Diverses mesures pourraient être envisagées par les autorités sénégalaises et les principaux donateurs, comme la Banque mondiale, en vue de mettre en place un système de BRT et de transport public apportant de réelles transformations. Tout d’abord, les propres propositions des travailleurs pour formaliser leur industrie méritent d’être entendues. Il s’agit notamment d’améliorer la protection sociale et la réglementation pour garantir que les travailleurs bénéficient de contrats de travail et de journées de travail réduites. Les possibilités de formation professionnelle devraient être plus nombreuses, en particulier pour les femmes, et les travailleurs informels doivent être prioritaires dans le recrutement pour le BRT. Il convient également d’améliorer les espaces de travail, notamment par la mise à disposition d’installations telles que des toilettes, des abris et de l’eau potable dans les gares routières.
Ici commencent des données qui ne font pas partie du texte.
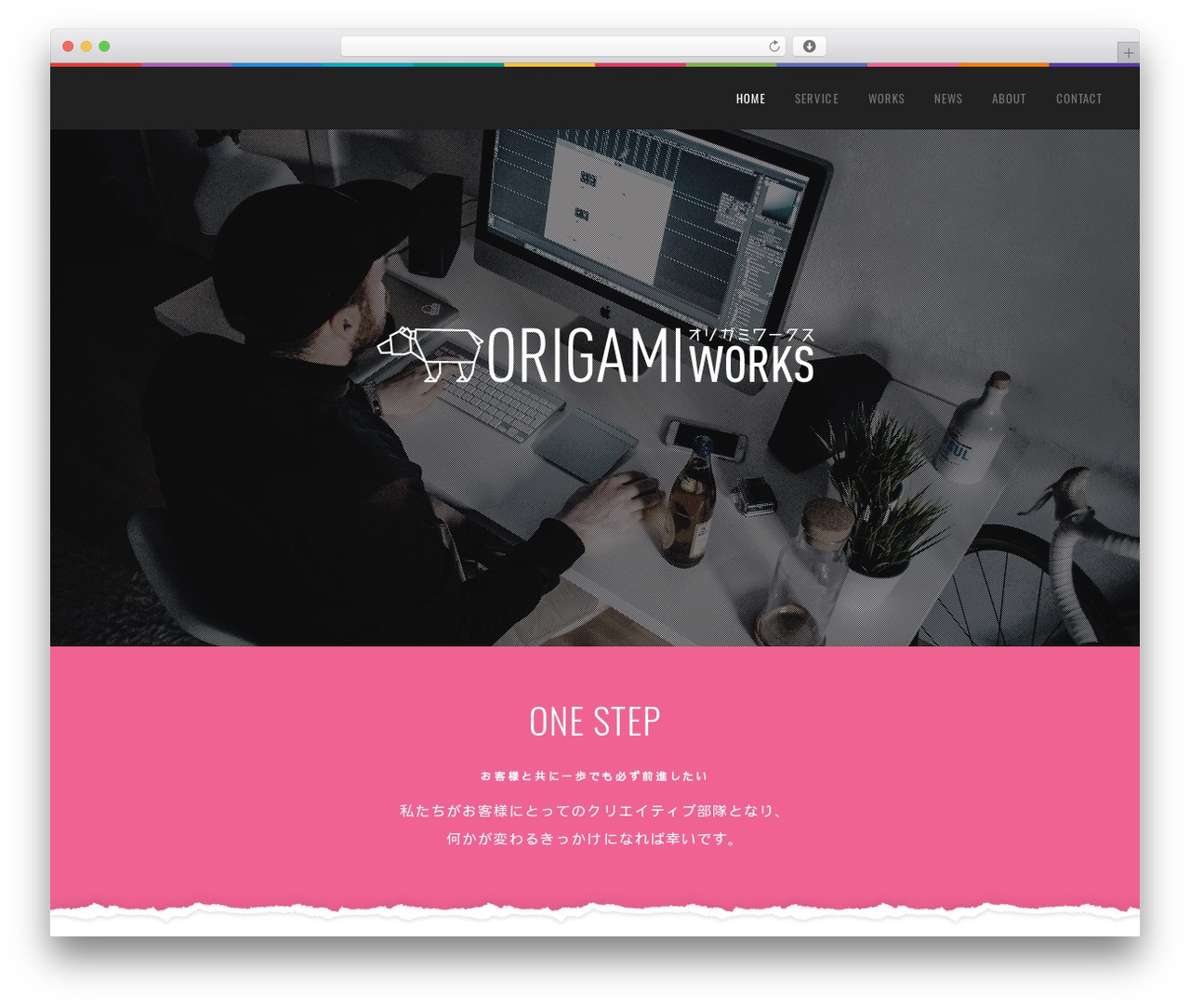 WordPress theme Bones - origami-w.com WordPress theme Bones - origami-w.com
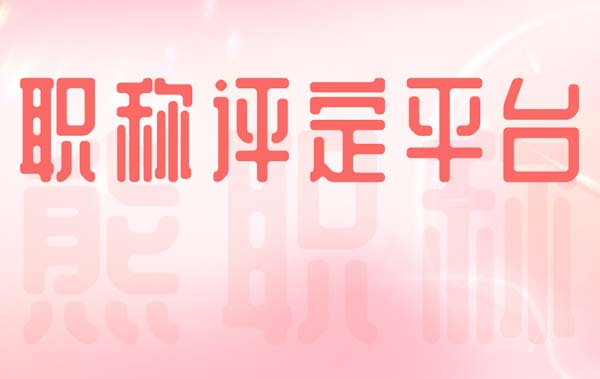 職稱評定平臺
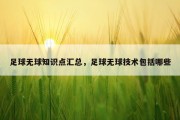 足球无球知识点汇总，足球无球技术包括哪些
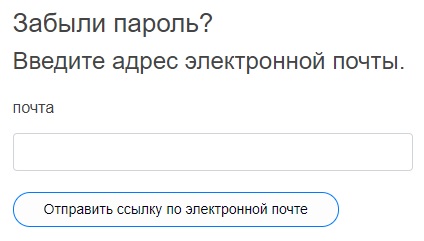 Херсонгаз – как зарегистрировать личный кабинет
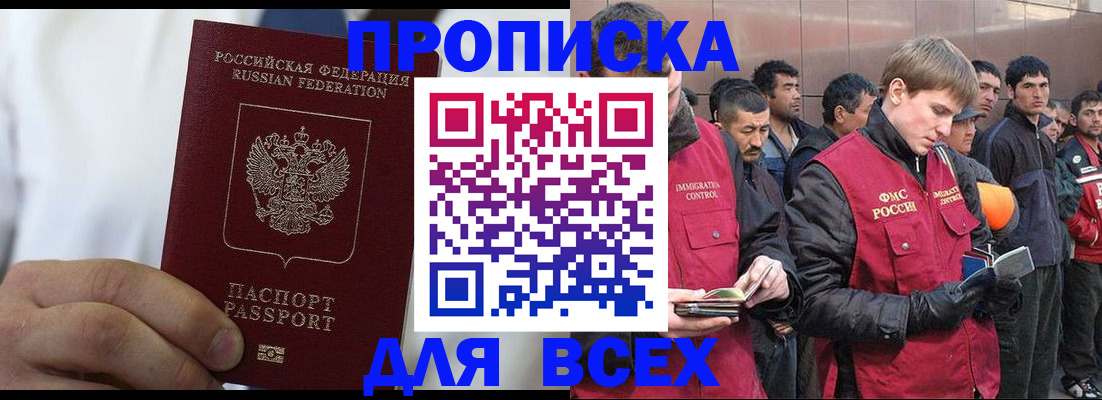 временная регистрация собственник в Каргополе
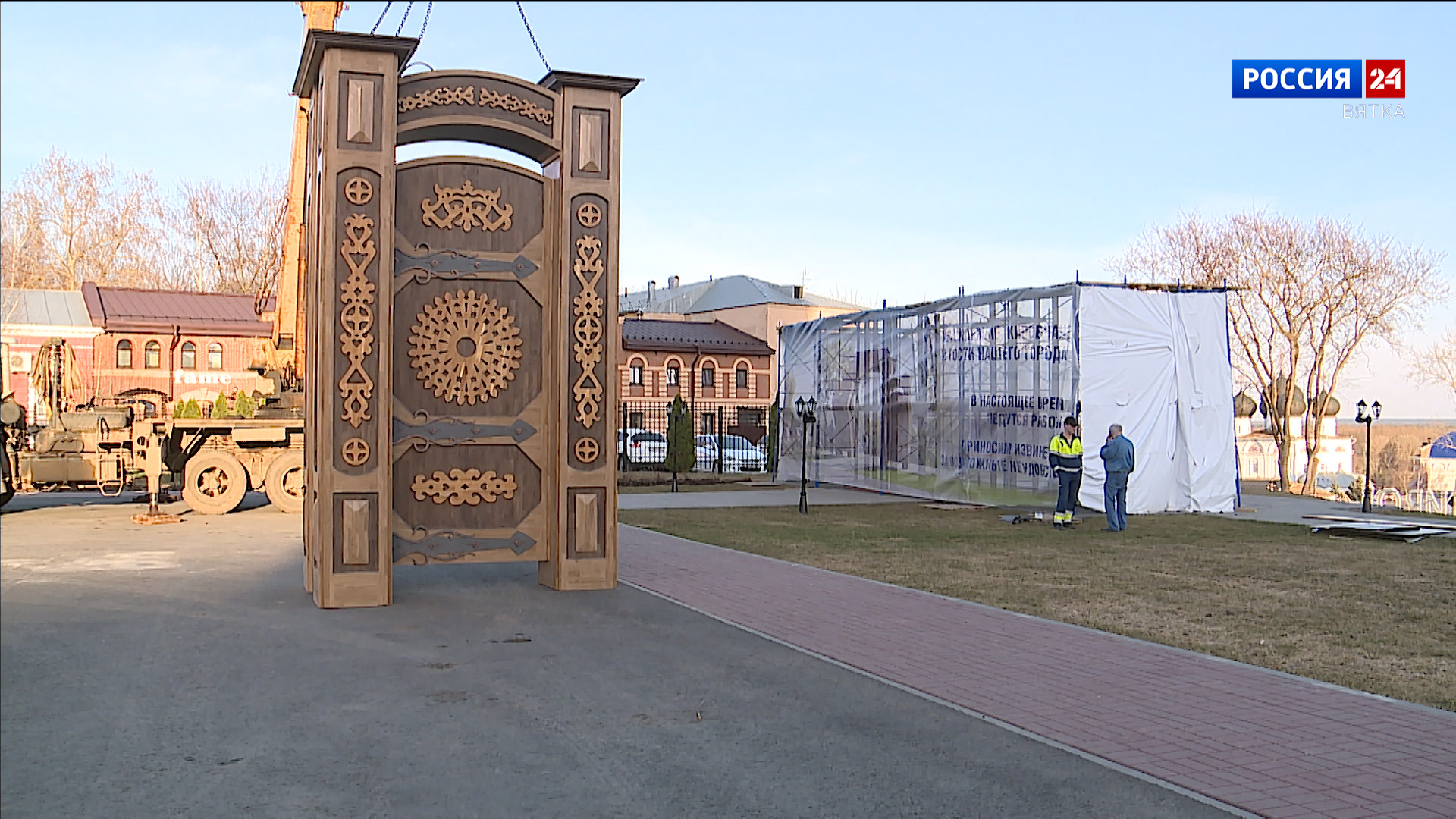 Ворота Русского севера вернули на Спасскую площадь города Кирова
Ensuite, les autorités doivent soutenir les travailleurs qui perdront leur emploi en raison du BRT, en leur proposant une indemnité pour perte de revenus et en les relocalisant dans d’autres zones. Il faut également en faire davantage pour étudier les effets du BRT sur les hommes et les femmes. Les femmes étant plus nombreuses que les hommes dans les métiers les plus précaires du secteur des transports à Dakar, elles seront vraisemblablement les plus touchées par l’automatisation et l’introduction du BRT.
Cette évolution devrait s’accompagner d’une analyse plus approfondie de la micro-économie des transports informels, des services de lignes de rabattement et des revenus des travailleurs. Ainsi que l’ont montré d’autres recherches, il existe peu d’études indépendantes sur les réussites, les échecs et l’incidence globale du BRT en Afrique, et une tendance à faire fi des interactions du BRT avec les autres modes de transport informels. Il est indispensable que d’autres études soient menées à cet égard.
Sous le leadership du camarade Gora Khouma, Secrétaire Général Union des Routiers du Sénégal (URS) et Coordinateur ITF-Sénégal, nos affiliés locaux en collaboration avec les associations de chauffeurs ont entamé des contacts avec le CETUD sur le projet du BRT. Nos affiliés locaux souhaitent entretenir avec le CETUD un dialogue social régulier et constructif garantissant la réussite du projet , la formalisation du secteur informel et la promotion du travail décent dans le transport urbain au Sénégal.
En fin de compte, le succès du BRT dépend non seulement d’une conception et d’une ingénierie solides, mais aussi de modèles économiques à long terme inclusifs qui s’attaquent aux problèmes sous-jacents de l’économie politique des transports informels. Nous avons aujourd’hui l’occasion de créer un système de BRT qui s’intègre à tous les modes de transport public à Dakar, et qui place les personnes – tant les passagers que les travailleurs, informels et formels – au cœur de son développement. Nous ne pouvons pas nous permettre de répéter avec les transports publics les erreurs déjà commises avant la pandémie.